A group of locals and foreigners visited Joubert Park in the City of Johannesburg’s Region F on Tuesday, where the City and the Department of Home Affairs held an information session on matters relating to birth certificates, identity documents, and marriage and death certificates, among others.
Information regarding applications for the re-issuing of lost documentation, late registration of births and fraudulent marriages was also provided. More than 10 000 people – many from outside South Africa's borders – arrive in Johannesburg every month in search for better economic opportunities.

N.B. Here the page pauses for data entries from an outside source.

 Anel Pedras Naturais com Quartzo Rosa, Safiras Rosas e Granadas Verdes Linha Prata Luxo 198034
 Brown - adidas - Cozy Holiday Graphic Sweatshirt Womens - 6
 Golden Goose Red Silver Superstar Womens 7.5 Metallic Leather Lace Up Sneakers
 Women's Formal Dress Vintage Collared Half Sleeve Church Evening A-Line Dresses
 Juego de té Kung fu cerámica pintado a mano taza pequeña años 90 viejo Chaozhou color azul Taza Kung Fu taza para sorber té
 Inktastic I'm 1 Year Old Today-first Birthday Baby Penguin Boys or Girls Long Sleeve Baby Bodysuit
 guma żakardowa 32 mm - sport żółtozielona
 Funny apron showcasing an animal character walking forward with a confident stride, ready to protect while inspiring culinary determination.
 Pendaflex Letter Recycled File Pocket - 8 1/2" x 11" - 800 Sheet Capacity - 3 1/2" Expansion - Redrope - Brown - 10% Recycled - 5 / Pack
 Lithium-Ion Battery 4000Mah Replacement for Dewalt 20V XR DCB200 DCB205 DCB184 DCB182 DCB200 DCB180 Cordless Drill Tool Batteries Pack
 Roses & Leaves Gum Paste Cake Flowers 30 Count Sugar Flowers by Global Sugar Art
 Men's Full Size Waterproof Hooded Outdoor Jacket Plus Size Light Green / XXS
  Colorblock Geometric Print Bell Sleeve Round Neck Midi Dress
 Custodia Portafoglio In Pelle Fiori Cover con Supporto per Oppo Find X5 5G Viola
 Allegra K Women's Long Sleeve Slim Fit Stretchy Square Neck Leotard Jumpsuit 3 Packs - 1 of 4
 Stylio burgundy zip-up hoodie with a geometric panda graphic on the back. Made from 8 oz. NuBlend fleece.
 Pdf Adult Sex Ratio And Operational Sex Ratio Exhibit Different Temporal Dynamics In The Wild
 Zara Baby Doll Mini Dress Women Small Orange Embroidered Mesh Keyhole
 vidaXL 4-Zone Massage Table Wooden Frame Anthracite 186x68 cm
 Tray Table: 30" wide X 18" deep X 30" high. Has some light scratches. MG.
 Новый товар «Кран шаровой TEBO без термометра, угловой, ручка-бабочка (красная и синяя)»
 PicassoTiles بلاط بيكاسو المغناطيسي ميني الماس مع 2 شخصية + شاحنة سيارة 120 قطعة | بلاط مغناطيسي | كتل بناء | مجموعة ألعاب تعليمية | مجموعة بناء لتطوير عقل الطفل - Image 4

The City also has a migrants’ desk to assist refugees who have fled hunger, poverty and violence in their home countries. “Community members are always encouraged to apply for their documentation as this is key to exercising their democratic right to vote, education, healthcare, financial services and social benefits,” said Matome Maunatlala, of the Department of Home Affairs-City of Johannesburg Stakeholder Forum.
South African Social Security Agency officials were also at hand to assist with information regarding who qualified for social grants and how to access them.
Grandmother Mapaseka Moloi said she was looking after her daughter’s young children. She said her daughter died last year and she now had to share her pension with the grandchildren.
Moloi was happy to learn that she would be assisted with applying for the social grant for her grandchildren. “I’m so happy my son. I’m going to apply for my grandchildren's birth certificates first. Then I will apply for their grants. One of the children is due for school next year. Her grant will assist when she goes to school,” said Gogo Moloi.
Naheed Aslam and Jeera Muhammed are refugees from Somalia. They are a couple and are expecting their first child soon. They have been living in South Africa since 2011 but still hold asylum-seekers’ permits. They left the meeting knowing that their unborn baby will be a fully fledged South African citizen.